I've been told many times, and I know it's true, that if you don't do anything then your muscles will go to waste. I completely get that. But at the same time, I think people forget that I have got ME and that my energy levels are in VERY short supply. And a lot of my muscle weakness is caused by the ME in the first place; pushing myself beyond my limits is only going to make that worse and then I'll never get anywhere! And that's the thing that I've tried to keep explaining but nobody seems to want to hear it.

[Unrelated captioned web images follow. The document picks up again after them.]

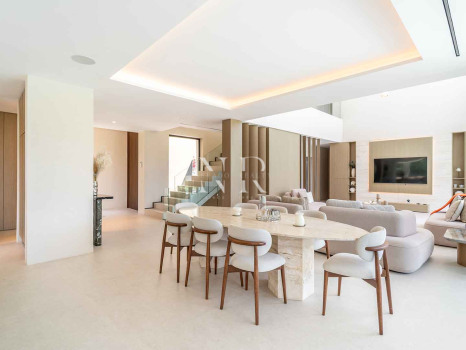 Villa for sale in Los Monteros Playa, Marbella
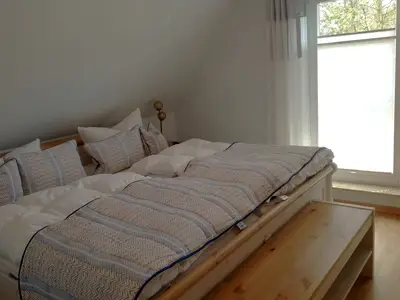Schlafzimmer mit Doppelbett
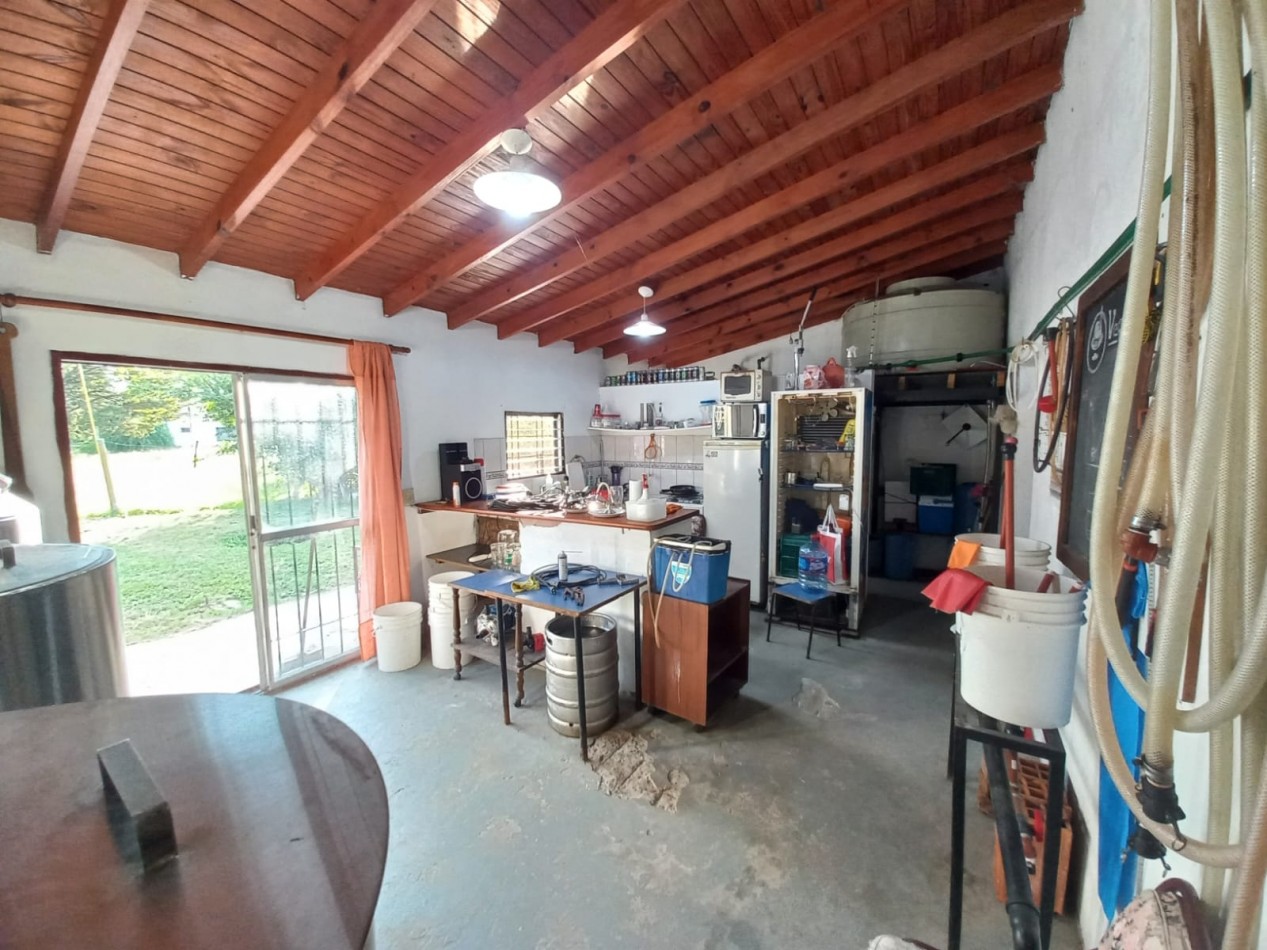 VENTA DE LOTE CON CASA EN BARRIO SEMI CERRADO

The one thing I've found really helps me though is talking to other ME sufferers because a lot of them feel the same as I do. And it's nice to be able to support others too, not just be the one being supported all the time. I know this seems a bit of a negative post but there are some real positives that are coming from all this. Some that I'm really hanging on to are those really special friendships with people from AYME and of course my other friends too. I know that all this is going to make me a much stronger person at the end of it and that can only be a good thing! And I just want to make other people aware of what it's like so that for someone in the future, hopefully, peoples' attitudes towards ME might be a bit different. As they say, every cloud has a silver lining!

Anyway, now I've got that one off my chest it's time to get excited about Christmas again. I've got a lot of presents to wrap; it's too much for me to do them all myself so Rob's staying tonight to give me a hand (although I'm not sure if he knows that bit yet)! I'm slightly worried though, as I ordered Rob's present ages ago but it still hasn't arrived... as long as it gets here by Christmas, I don't mind! I've been having A LOT of fun on the iPad too. It's brilliant. I think I DEFINITELY know what I'd like for Christmas now!